Os dissidentes constituíram uma nova unidade política, os Estado Confederados. Ao tomar posse, Lincoln questiona aos secessionistas o direito de romper com a União. A secessão ainda não era a guerra, mas esta começa também por iniciativa do Sul, que a 12 de abril de 1861 abre fogo contra o Fort Sumter ocupado por tropas federais.
"Por sua duração e amplitude, a Guerra de Secessão prenunciou as grandes guerras do século XX: ela já constituiu uma guerra total, do tipo em que os adversários empenham todos os seus recursos e todas as suas forças. Alinhou efetivos consideráveis – dois milhões de homens para o Norte, 700 mil e um milhão para o Sul –, cujo equipamento, abastecido em material, munições, subsistência, criaram para os estados-maiores e para os governos problemas delicados e mobilizaram todos os recursos da economia" (Ibid., 65).
Após os quatro anos de guerra o sul é derrotado, e com isso há uma forte pressão pelo fim da escravatura. A libertação do trabalho escravo, juntamente com a volta de soldados à vida civil, aumenta a necessidade por novos empregos, gerando uma pressão pela diminuição das horas diárias de trabalho nas fábricas. Além disso, o pós-guerra é marcado por grande avanço demográfico estimulado pelo movimento de imigração, pela investida para o oeste e pela industrialização. Entre 1820 e 1860 a população passa de 9,6 milhões a 31,3 milhões, e em 1910 sobe para 92 milhões, na sua maioria irlandeses, alemães e escandinavos.

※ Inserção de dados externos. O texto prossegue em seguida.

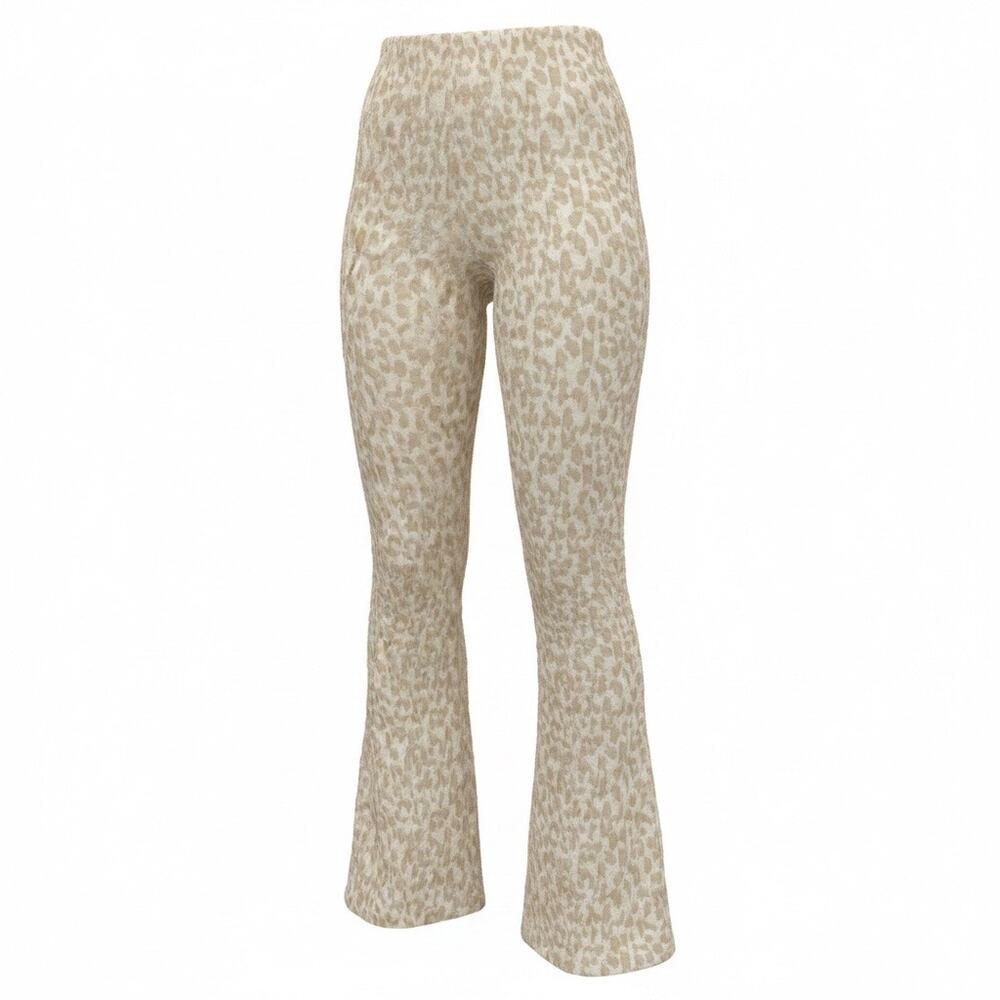 Zara Women Cream Animal Print Flare Pant Size M - NWT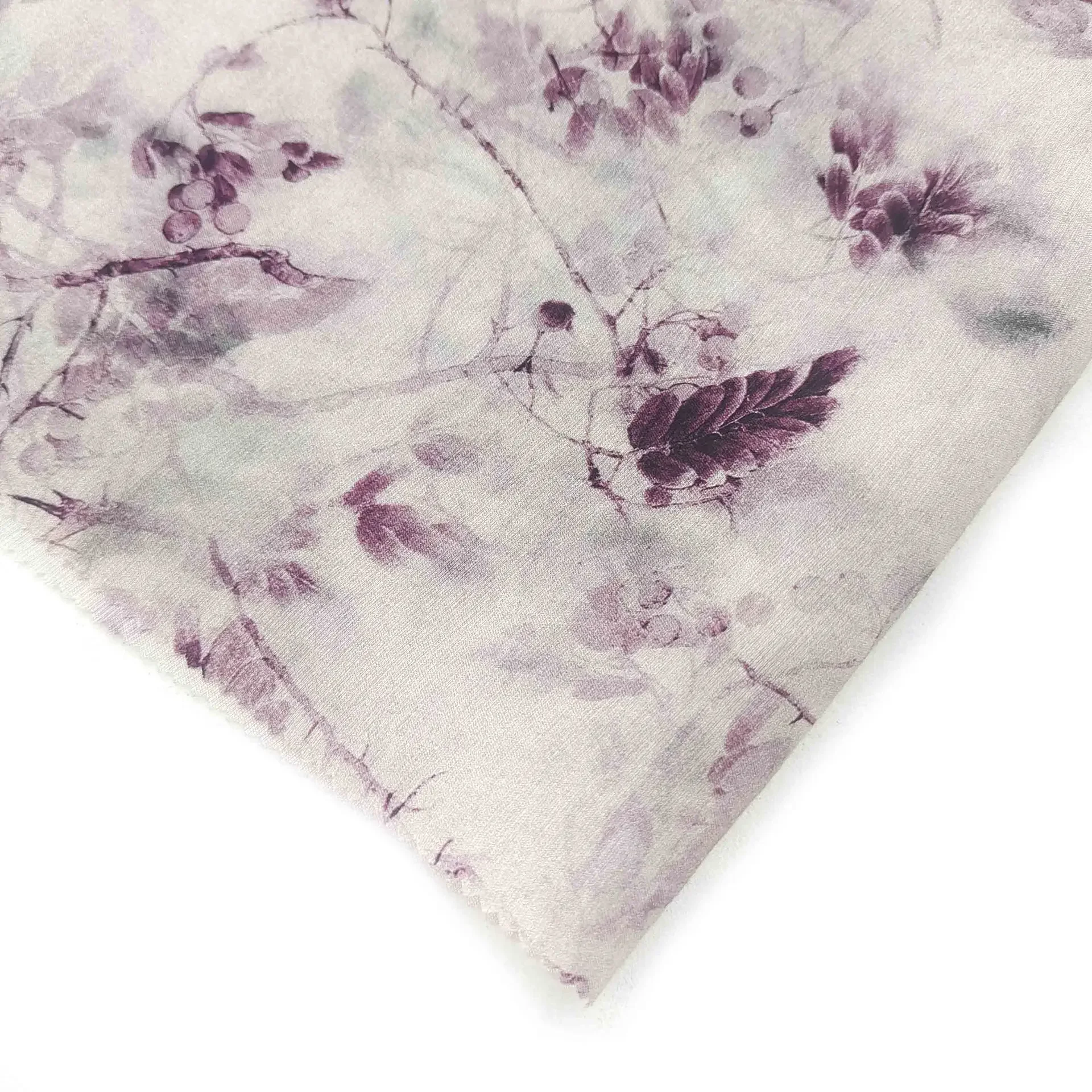 Digital Printing Fabric Water-Media Diffusion Cotton Twill Weave Spring Summer Women's Cheongsam Material Floral Pattern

São a mão-de-obra fundamental das nascentes fábricas norte-americanas, concentradas ao norte da União.
Vejamos:
"Nas vésperas da Guerra de Secessão, [a economia americana] mal conseguia eliminar seu atraso em relação à Europa ocidental: a guerra precipitou o movimento. Os Estados Unidos reuniam um conjunto de trunfos naturais (descobriu-se nas Rochosas uma grande quantidade de jazidas de minérios; em breve seria o petróleo), extensão do mercado interno, com dimensões continentais, sem alfândegas interiores e protegido por tarifas, afluxo de capitais e de trabalhadores estrangeiros" (Ibid., 75).
A condição dos trabalhadores na América do Norte era idêntica à dos europeus: horas intermináveis de trabalho e salários que não garantiam os meios de subsistência. A miséria começava a evidenciar-se de maneira ampla, através das primeiras greves. Em 1827, na Filadélfia, carpinteiros, pedreiros, marceneiros e vidraceiros realizam a primeira greve e criam a União das Associações de Trabalhadores de Filadélfia (Union of Trade Association of Philadelphia). Pode-se dizer que é o início da formação do movimento sindical norte-americano.

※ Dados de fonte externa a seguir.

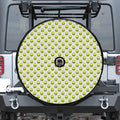 Grey Striped Alien Pattern Print Tire Cover With Camera Hole
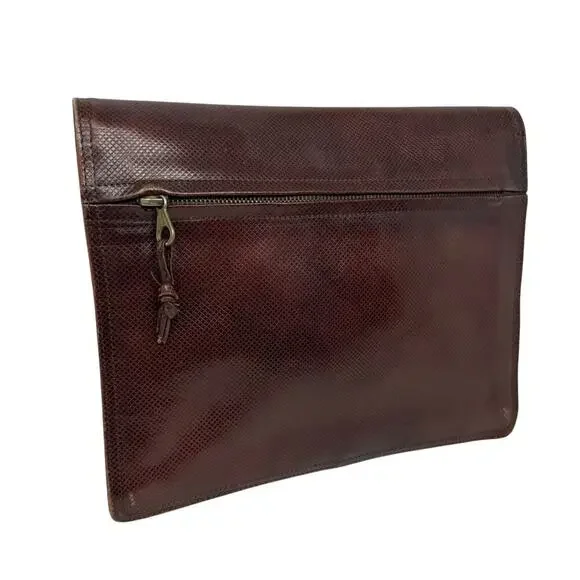 Bottega Veneta Vintage Leather Clutch – Brown & Maroon Two-Tone Bag - Picture 6 of 11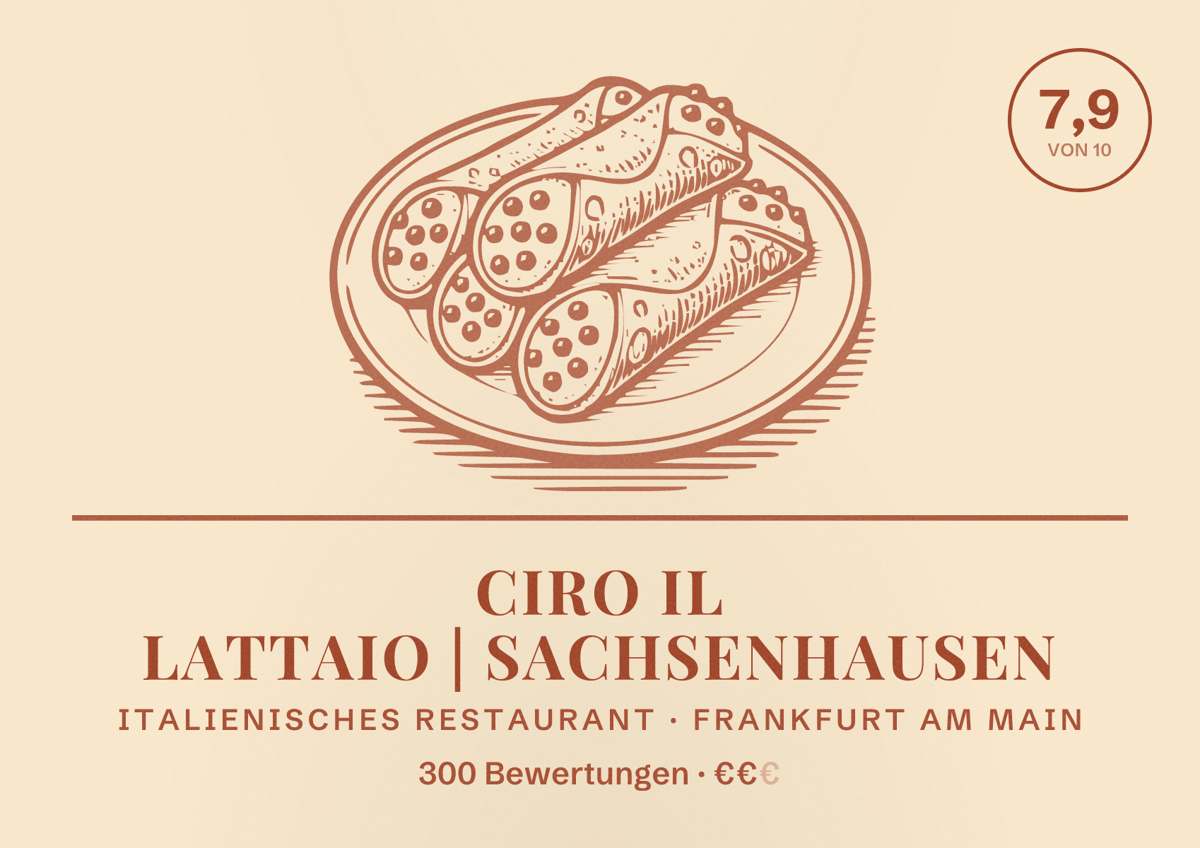 Illustriertes Poster von Ciro il lattaio | Sachsenhausen, Italienisches Restaurant in Frankfurt am Main: Bewertung 7,9 von 10 aus 300 Bewertungen, Preisniveau €€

A partir de então, ocorrem encontros operários e os sindicatos começam a discutir a questão da jornada de trabalho. Em 1845 ocorre o primeiro congresso operário norte-americano, em sua plataforma há a defesa de dez horas diárias de trabalho para todos (em 1842 os estados de Massachusetts e Connecticut assinaram a lei de dez horas diárias de trabalho para as crianças). É aceita pelo estado de Hapshire, mas torna-se letra morta. Em agosto de 1866, o Congresso Operário de Baltimore chega à conclusão de que a primeira e grande necessidade é a promulgação da lei de oito horas de jornada em todos os estados da União Norte Americana. Esta é a mesma posição da Internacional em seu congresso em Genebra. Em 25 de junho de 1868, o Senado americano aprova lei Ingersoll, determinando oito horas de trabalho para todos os empregados da União. Será letra morta devido às exigências particulares que cada fábrica fará aos seus trabalhadores para que trabalhem mais de oito horas. As jornadas continuam as mesmas.
Em 1877 há uma paralisação do sistema de transportes, exigindo as oito horas diárias. Trinta trabalhadores são mortos pela agência Defensores da Ordem. Criada por Nat Pinkerton, antes especializada em caçar criminosos pelo oeste, agora tal agência torna-se famosa por colaborar com patrões e polícia na repressão ao movimento operário.
2- O Primeiro de Maio de 1886
Surge como grupo secreto, em 1869, os Cavaleiros do Trabalho (Knights of Labor), e em 1886 chega a possuir mais de 700 mil aderentes. A AFL (American Federation of Labor) nasce em 1881, com caráter corporativo e reivindicatório. Entre suas propostas, as 8 horas de jornada, melhores salários e melhores condições de educação para as massas.
Em novembro de 1884 a AFL promove um congresso em Chicago. É aprovado em assembléia que a partir de 1º de maio de 1886 sejam automaticamente paralisados os serviços nos locais em que os patrões não aceitam as 8 horas diárias. Para atingir esse objetivo propõe-se uma greve geral nacional.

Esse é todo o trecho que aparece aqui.